Monday, November 9, 2020

The Hobbit (1977)

Hmmm. Tolkien's book can be seen as fiction for young people... but this film seems like a travesty. It doesn't work to evacuate all intellect and artistry for juvenile accessibility. It's not that kind of fiction for young people. Yet I can imagine loving this movie, in a past or future life. It's interesting how people come to love things. I'd need to generate all the nostalgia I missed never seeing this before age 25... unlikely. Maybe I'll never see it again. I still think I far prefer everything about The Lord of the Rings to The Hobbit, but the latter I love nonetheless, and this movie was truer to it in some ways than Peter Jackson's -- and falser in some. Probably much falser in spirit, indeed maybe a bastardization, lacking true veneration, yet trumping Jackson in many faithful moments. Maybe it was my coincident growth with Tolkien and Jackson, but the spirit of his movies seems true despite gross aberrations. This movie didn't feel true despite sections of formal adherence. Of course, of the three, Tolkien's own is the worthiest work. This movie drew directly from Tolkien yet felt not to come from him at all. There was little of the spirit here. Oh well.

Maybe I can't imagine loving this movie, in any life. It doesn't seem to love Tolkien.

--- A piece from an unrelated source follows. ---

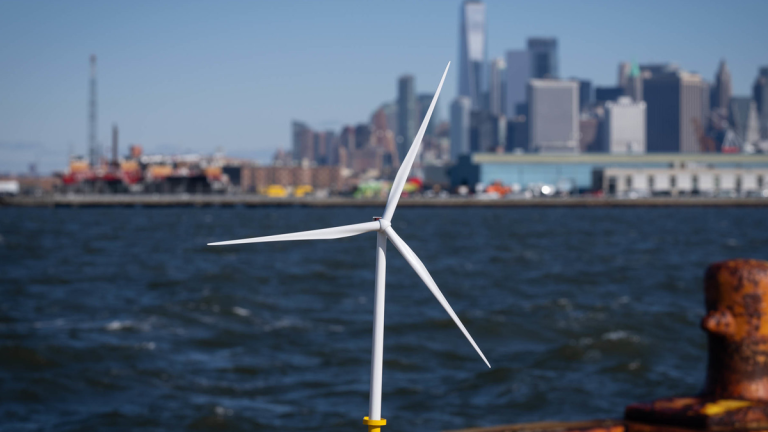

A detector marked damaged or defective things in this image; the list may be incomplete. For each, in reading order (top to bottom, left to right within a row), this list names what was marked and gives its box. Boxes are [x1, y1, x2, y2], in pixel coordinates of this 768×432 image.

rusty bollard [628, 258, 768, 430]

I was optimistic and intrigued going in, and can conceive an old animated adaptation that feels true and worthy; but this isn't it. I thought I was in for a real OG Tolkien adaptation; what I found was a real No-G Tolkien adaptation.


Now reading the Wikipedia article...

"...some Tolkien fans questioned the appropriateness of repackaging the material as a family film for a very young audience."

Wikipedia also calls the novel "children's fantasy", which is interesting, but regardless doesn't point to such an adaptation as this. Tolkien wrote for bright children or to make children brighter; this movie panders lame toddlers.